• DATA EXCERPT:
****
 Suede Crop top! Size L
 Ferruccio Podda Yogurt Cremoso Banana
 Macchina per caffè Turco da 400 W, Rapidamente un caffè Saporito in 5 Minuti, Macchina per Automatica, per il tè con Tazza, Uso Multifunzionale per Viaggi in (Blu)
****
• WHAT IS REQUIRED: Print the lines of the material, exactly and only, from the line that contains "Ferruccio Podda Yogurt Cremoso Banana" down to and including the final line.

• EXERCISE RESPONSE:
 Ferruccio Podda Yogurt Cremoso Banana
 Macchina per caffè Turco da 400 W, Rapidamente un caffè Saporito in 5 Minuti, Macchina per Automatica, per il tè con Tazza, Uso Multifunzionale per Viaggi in (Blu)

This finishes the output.